Refereed academic paper for presentation
INTRODUCTION: In addition to attitude, perception, personality/self-concept and learning, motivation is a crucial psychological factor that impacts tourist behaviour (Boo & Jones, 2009; Chen & Uysal, 2003; Fodness, 1994; Jang & Cai, 2002; Maslow, 1943; Yuan & McDonald, 1990). Since people have travelled more and more in recent years, the necessity of understanding the motivational factors of travel has also become increasingly important (Yuan & McDonald, 1990). Knowledge, in return, helps stakeholders better accommodate the needs of future travellers of all kinds, in the planning of transportation infrastructures, accommodation, retailing, dining and entertainment (Li, Law & Wang, 2010). Thus, tourism research benefits the economic, environmental and cultural sustainability of touristic destinations, especially in rural areas and in developing countries (World Travel & Tourism Council, 2015).

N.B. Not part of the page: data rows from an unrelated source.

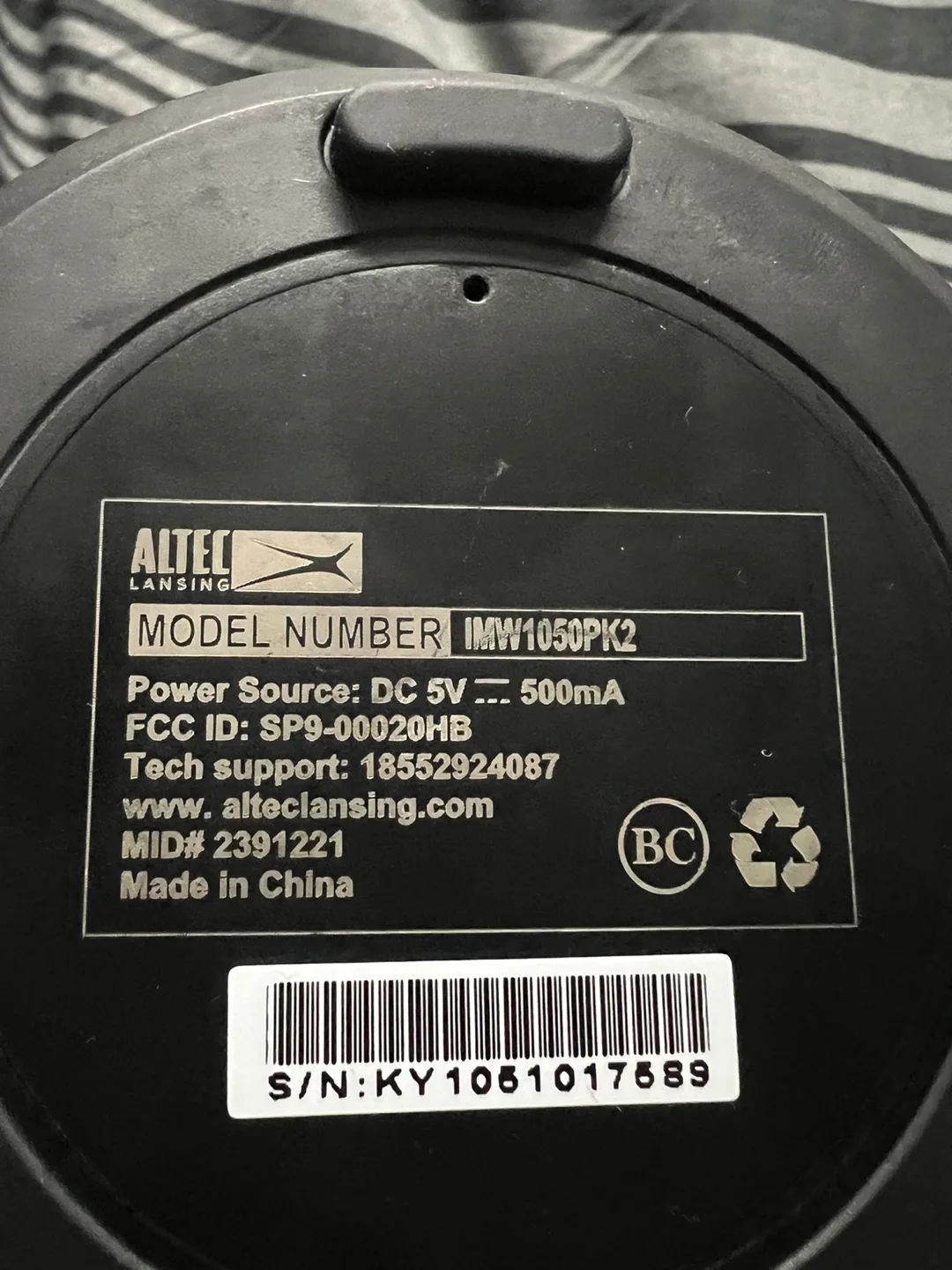 Altec Lansing IMW1050PK2 Portable Bluetooth Speaker image indicator(2)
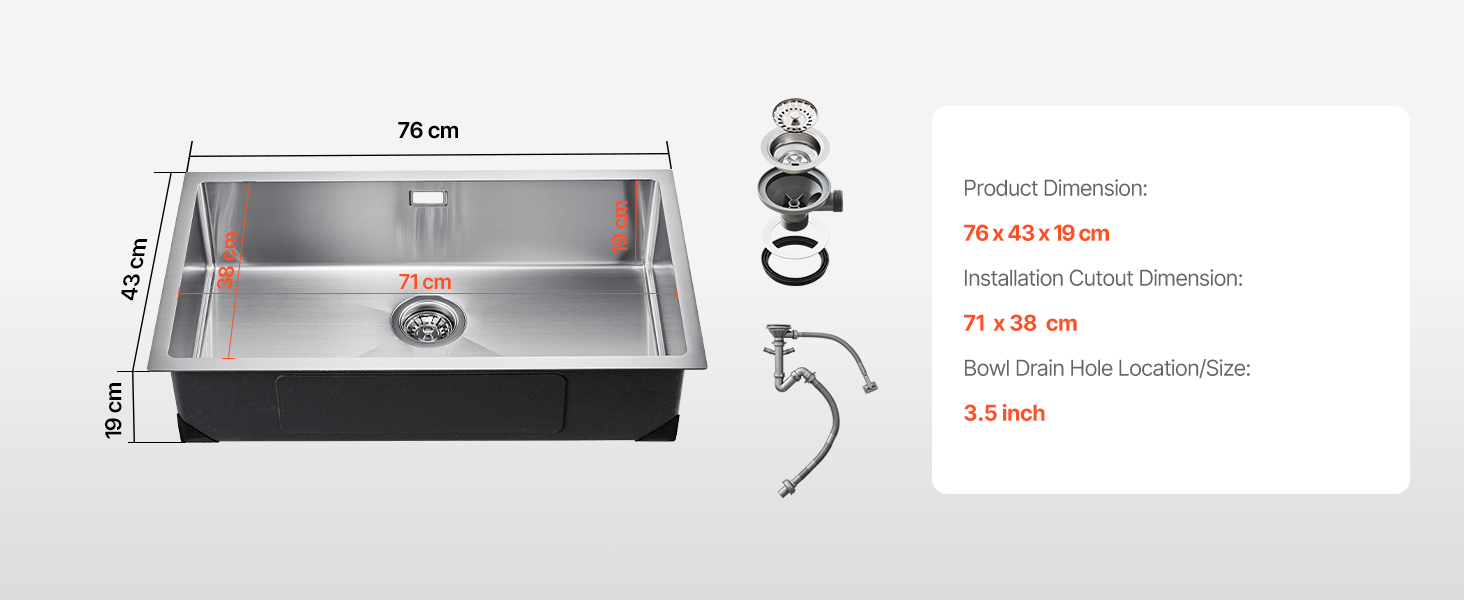 Kitchen Sink,Drop-In,Stainless Steel
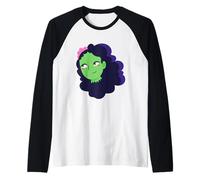 Non Morti Halloween Zombie Donna Mostro Sposa cadavere cervelli Maglia con Maniche Raglan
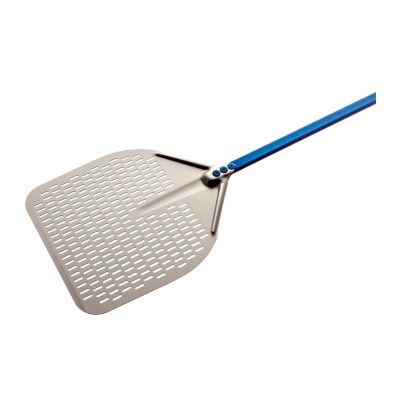 Gi-Metal Pizza Küreği, Alüminyum, Delikli, 36 cm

LITERATURE: Travelling in general is commonly linked to happiness, a search for a ‘getaway’ or a recurrent modern way of escaping from daily stress. Many believe that it increases quality of life due to the many benefits travelling induces (Hsu & Huang, 2008; Cai & Jang, 2002; Chick, Durrenberger, Ribeiro & Yarnal, 2009). But while most studies have put focus on the mainstream travellers, almost none have shown interest for the long-term travellers that dedicate a big part of their life to exploring the world. The term long-term traveller refers to a person who travels widely (Merriam- Webster Dictionary) and spends more time travelling than a traditional holiday period would allow, most often longer than a year (Elsrud, 2001, cited in Brun, Larsen & Øgaard, 2011). This particular way of extended holidaying has gained popularity since the 1960s (Brun, Larsen & Øgaard, 2011), but because this trend is relatively new, literature on the topic is still rare.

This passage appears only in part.